- The battle of San Carlos: Part of the Chilean War of Independence
| Date | 15 May 1813 |
| Location | San Carlos near Chillán, Chile |
| Result | Patriot victory |

Belligerents
- Chilean patriots: Royalists

Commanders and leaders
- José Miguel Carrera: Juan Francisco Sánchez

Strength
- 4,036: 6,000

Casualties and losses
- 100 killed: 70 killed

= Battle of San Carlos (May 1813) =

The battle of San Carlos occurred on 15 May 1813, during the War of Chilean Independence.

==Background==

In May 1813, the Royalist forces, under the command of Juan Francisco Sánchez were retreating to their stronghold of Chillán. The Royalist army's situation during the retreat was desperate; their baggage train had advanced significantly ahead of the main force to avoid being attacked, and the rearguard were almost without supplies. In these circumstances, the patriot commander, Jose Miguel Carrera could potentially have just avoided battle by instead advancing along the left bank of the Ñuble river and have occupied Chillán without a fight. Instead he chose to intercept the Royalist army directly on the outskirts of San Carlos, Chile.

==The battle==

Carrera placed his infantry in the centre of his force, using his cavalry to flank the enemy positions, avoiding the Royalist artillery.

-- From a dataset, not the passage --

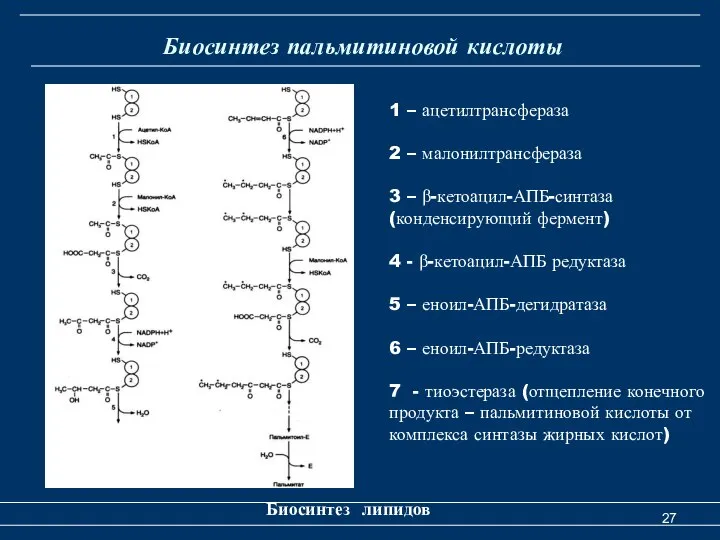 Биосинтез пальмитиновой кислоты Биосинтез липидов 1 – ацетилтрансфераза 2 – малонилтрансфераза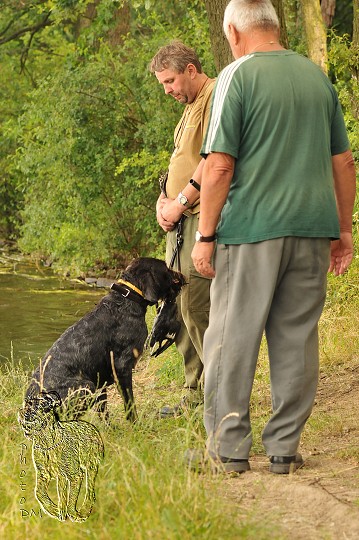 img00038.jpg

Unfortunately, the patriot infantry appear to have been ordered to mount a sudden bayonet charge; they received a full volley from the Royalist guns, broke formation and fled from the field. Unsupported, the cavalry attacks also dispersed. Juan Mackenna brought up a fresh division later in the day, but could not make much impact on the Royalist infantry. By nightfall, the patriots had dispersed completely, and on the following morning neither Carrera nor Mackenna had any units left to continue the attack.

==Aftermath==

Carrera's failure to achieve a decisive victory at San Carlos, Chile resulted in the Siege of Chillan later that year; the siege, held in mid-winter, was a disaster both for the patriots and for Carrera personally, ultimately leading to his dismissal from office.